Oregon’s exchange has experienced extreme technical difficulties, including never successfully enrolling one person from start to finish online during the 2014 enrollment period. The exchange board recommends switching to the federal exchange because the costs of fixing Cover Oregon would be too great.

Politico reports that Oregon officials are in Washington this week to meet with CMS officials on the details of the handoff.

But the costs of establishing the state-run Cover Oregon website should not be forgotten. It has cost the federal taxpayers an estimated $305 million in grant money thus far and is the third most expensive state-based exchange in terms of federal grant money—which totals nearly $5 billion across all states.

It is unclear whether the federal government will, or would be able to, recoup any of the millions of taxpayer dollars completely wasted on building Oregon’s exchange—or if anyone will be held accountable for squandering the taxpayer money. In addition, it remains uncertain how much transferring the exchange will cost and whether state taxpayers or federal taxpayers will foot the bill.

Moreover, switching to a federally facilitated exchange may be becoming a new trend among the various dysfunctional state exchanges. Both Massachusetts and Nevada are reportedly weighing their options to switch to a federally run exchange. These exchanges cost the federal taxpayer payer $179 million and $91 million in grant money, respectively.

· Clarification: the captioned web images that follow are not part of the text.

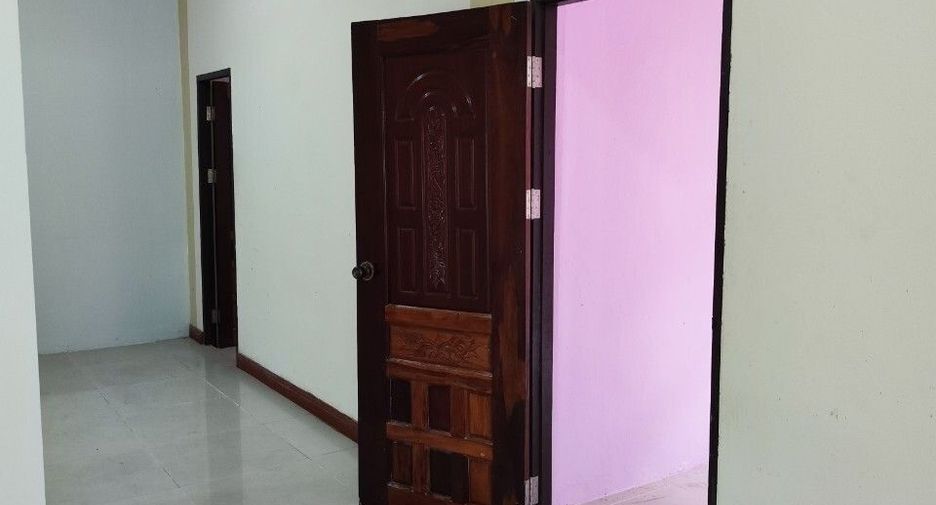 For sale and for rent 5 bedrooms house in Bang Lamung, Chonburi
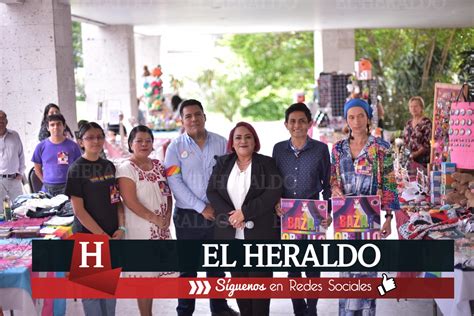 El Heraldo De Veracruz Presentan En El Congreso El Bazar Organizado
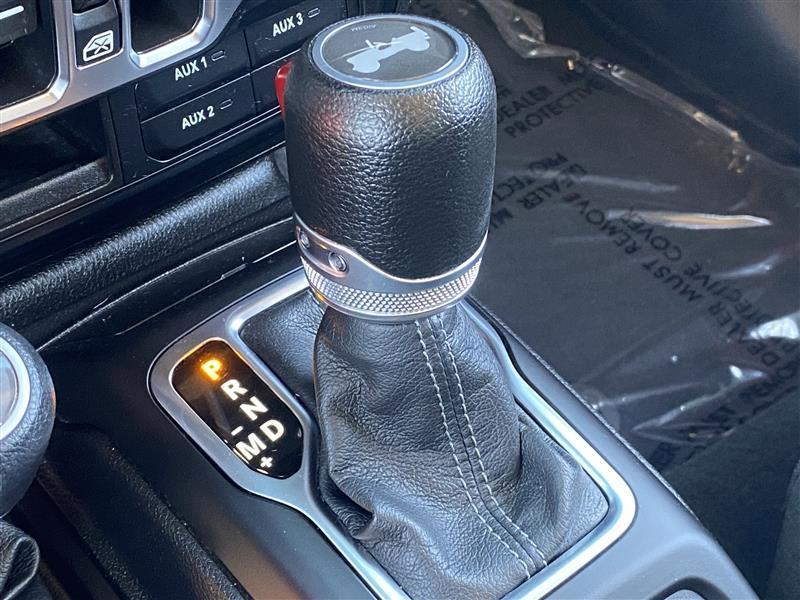 Jeep Wrangler Sport 2024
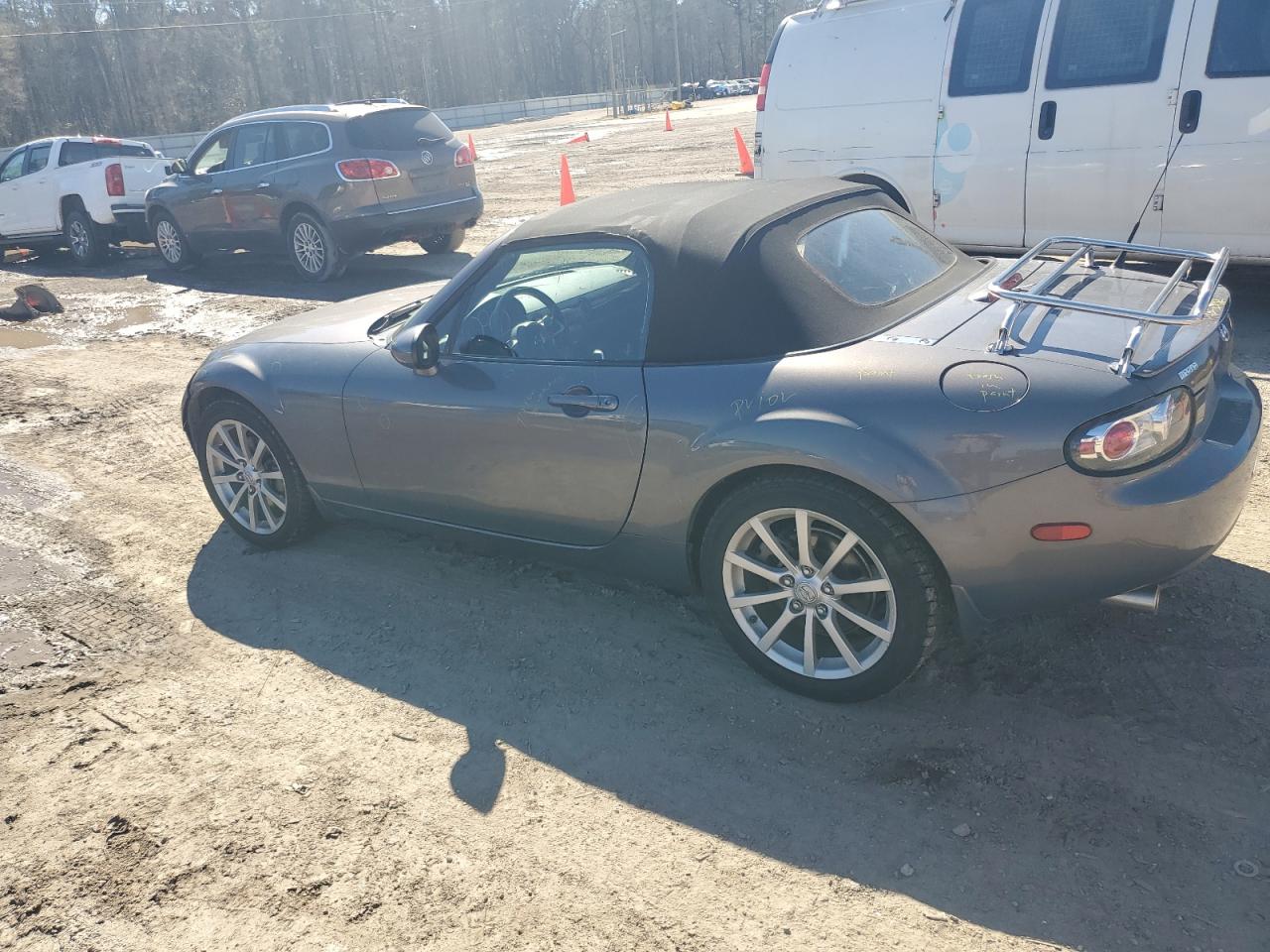 2006 Mazda MX-5 VIN JM1NC25F160105757 Copart auction photo, side damage thumbnail 2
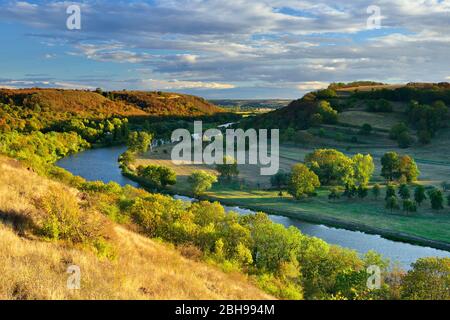 Blick auf die Saale, Herbstlandschaft, Naturpark 'Unteres Saaletal', Sachsen-Anhalt, Deutschland Stockfoto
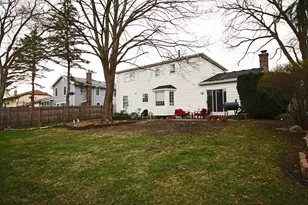 1017 Mayfair Dr, Libertyville, IL 60048 - Photo 27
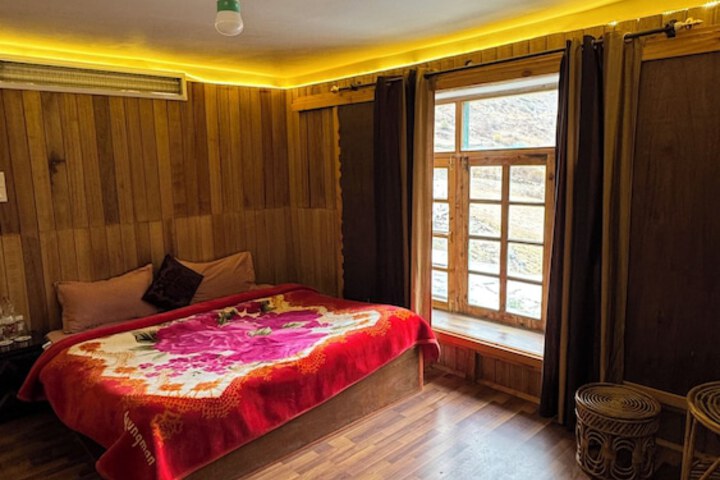 Room 2 of 8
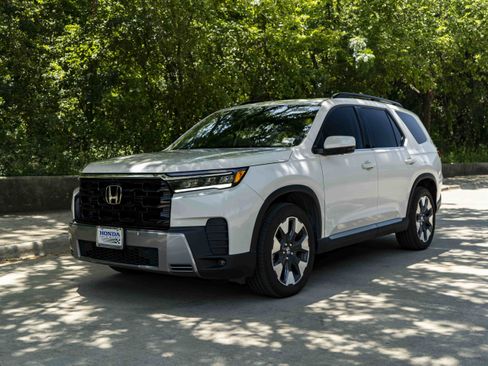 Used 2026 Honda Pilot Elite image 5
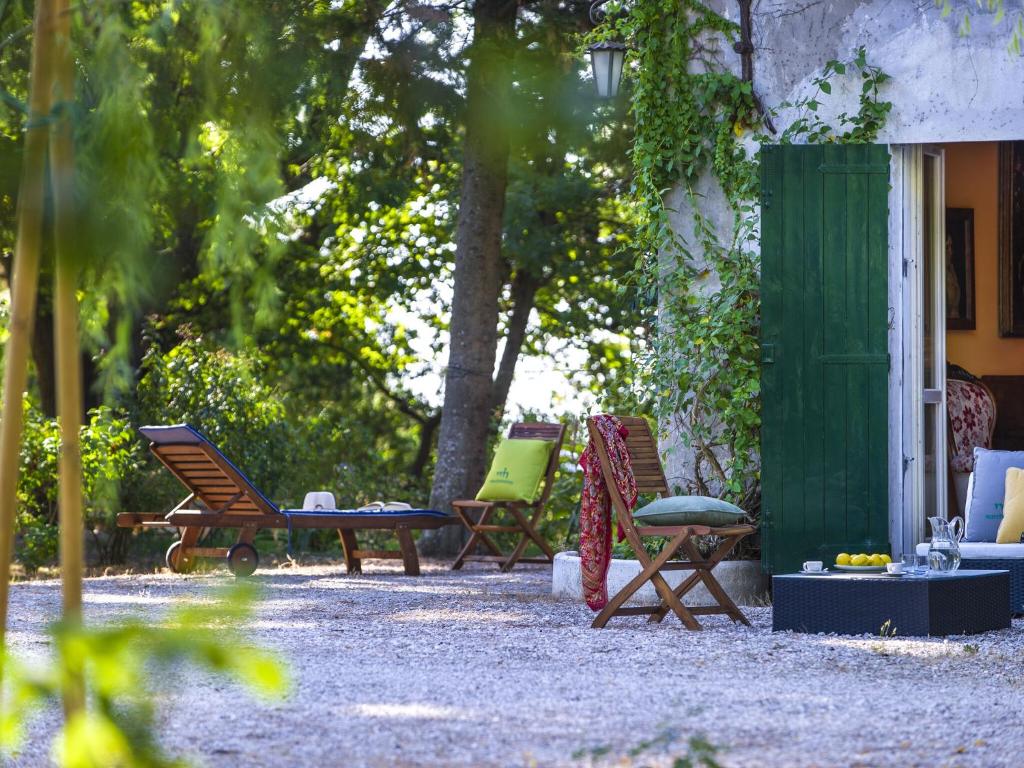 un grupo de sillas y mesas en un patio en Belvilla by OYO Monti en Senigallia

According to an assessment of Nevada’s exchange options, transitioning from a state-based to a federal exchange for the 2015 open enrollment period requires that a transition blueprint be submitted to CMS by June 1, 2014 (according to federal guidelines). So these states’ exchange decisions will be made soon but there’s still no news on recovering or holding anyone accountable for the hundreds of millions of taxpayer funds that went to these states.